WORK INSTRUCTION >> Return all of the data below verbatim and exclude every picture.

DATA PROVIDED >>
※

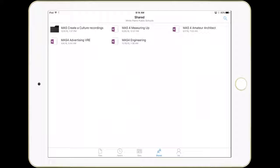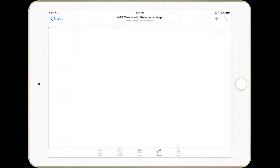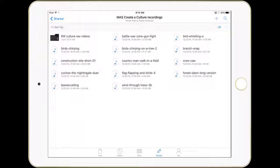Find the folder called Create a Culture Recordings. Now you'll see a bunch of music that can be downloaded.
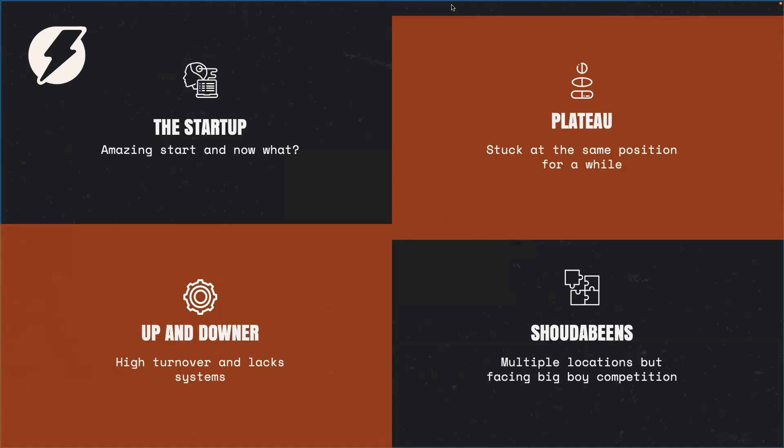We see what we like to call up and downers. Those are businesses, they have a high turnover in the millions, but still they are lacking systems. They're dinosaurs. They've been doing things the old way. And at Lead Hero AI, we like to talk about the old way and the new way.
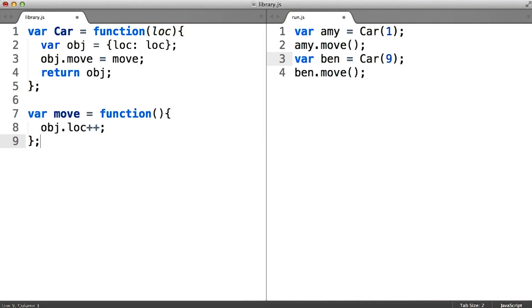To avoid having so many duplicate versions of the move method, we'll need to move the code that defines the move method outside the body of the car constructor function. In this way, the interpreter will only visit that code one time, and therefore only build one such function to be shared across all the instances, rather than building a new one every time we invoke car.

※

RESULT OF THE TASK >>
Find the folder called Create a Culture Recordings. Now you'll see a bunch of music that can be downloaded.
We see what we like to call up and downers. Those are businesses, they have a high turnover in the millions, but still they are lacking systems. They're dinosaurs. They've been doing things the old way. And at Lead Hero AI, we like to talk about the old way and the new way.
To avoid having so many duplicate versions of the move method, we'll need to move the code that defines the move method outside the body of the car constructor function. In this way, the interpreter will only visit that code one time, and therefore only build one such function to be shared across all the instances, rather than building a new one every time we invoke car.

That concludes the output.